No API Key Needed For:
- GitHub Copilot — works automatically if you have a Copilot subscription
- Ollama — runs locally, just have the Ollama server running on
localhost:11434
🗜️ Compression Modes
| Mode |
Reduction Target |
Best For |
| ⚡ Balanced |
~35% |
Everyday use — good savings, full meaning preserved |
| 🔥 Aggressive |
~50% |
Maximum savings — strips everything non-essential |
| 💡 Light |
~20% |
Minimal compression — when precision matters |
Tip: Compression is only applied to prompts with 20+ estimated tokens. Short prompts are sent as-is.
📸 Screenshots
Coming soon — screenshots of the sidebar panel, model selector, and compression in action.
❓ FAQ
Q: Does compression affect response quality?
A: No. Compression removes filler words and redundancy — not meaning. LLMs actually perform better with concise, clear prompts.

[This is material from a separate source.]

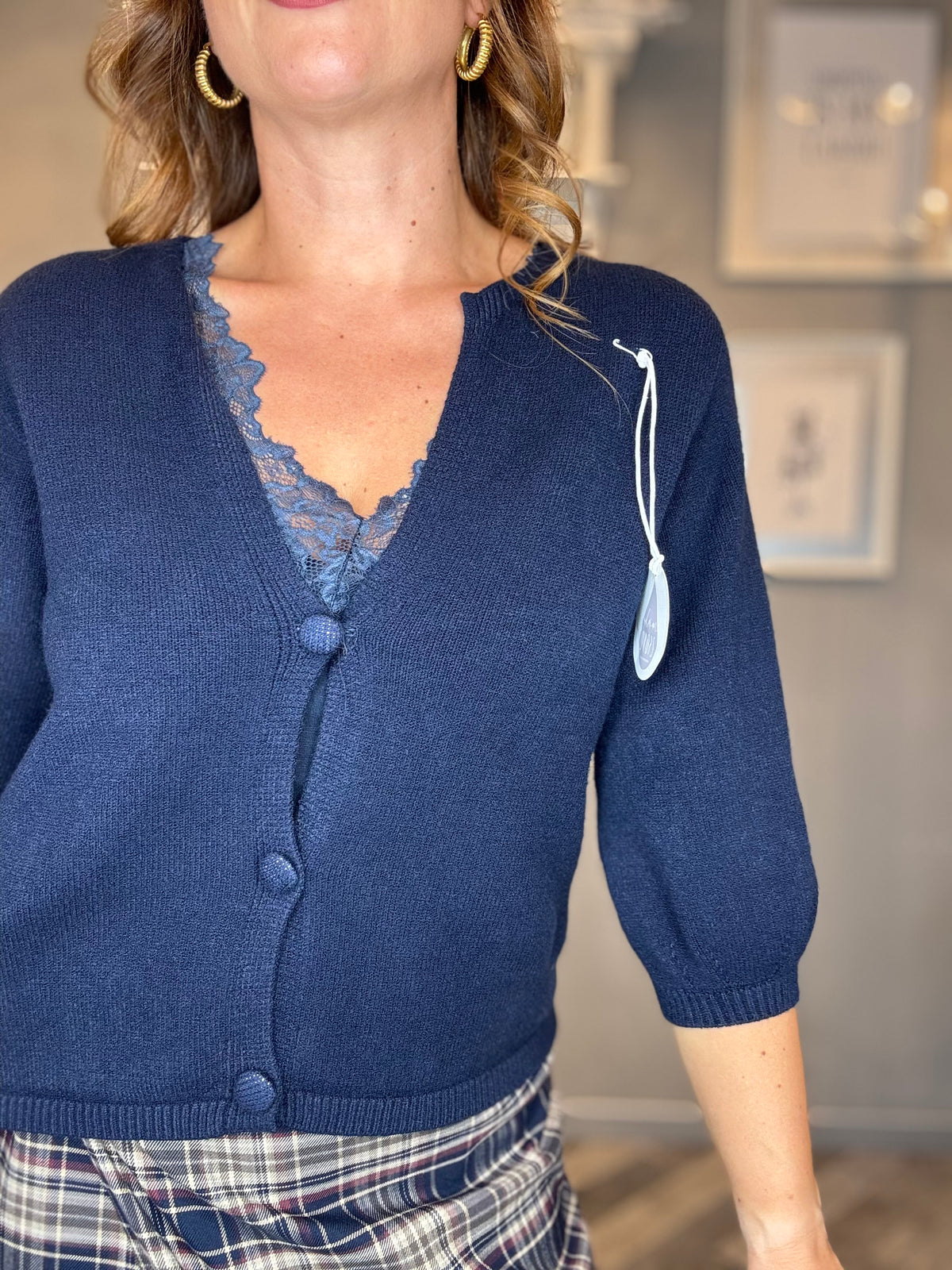 Cardigan Essential bottoni rivestiti blu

Q: What model is used for compression?
A: The cheapest, fastest model for each provider: claude-3-5-haiku for Anthropic, gpt-4o-mini for OpenAI, gemini-1.5-flash for Gemini. Compression cost is negligible.
Q: Can I see what was compressed?
A: Yes! Every compressed message has a "View compressed prompt" toggle in the UI that shows you exactly what was sent.
Q: Does it work offline?
A: Only with Ollama (local models). All other providers require internet access.
Q: Are my API keys safe?
A: Yes. All keys are stored in VS Code's native encrypted SecretStorage. They are never logged, transmitted, or written to plaintext files.
Q: What happens if compression fails?
A: The original prompt is sent as-is. Compression has a 10-second timeout and graceful fallback — it never blocks your message.
Q: Can I choose which model to chat with?
A: Yes! The model selector dropdown lets you pick any available model for your selected provider.
📄 License
MIT License — free for personal and commercial use.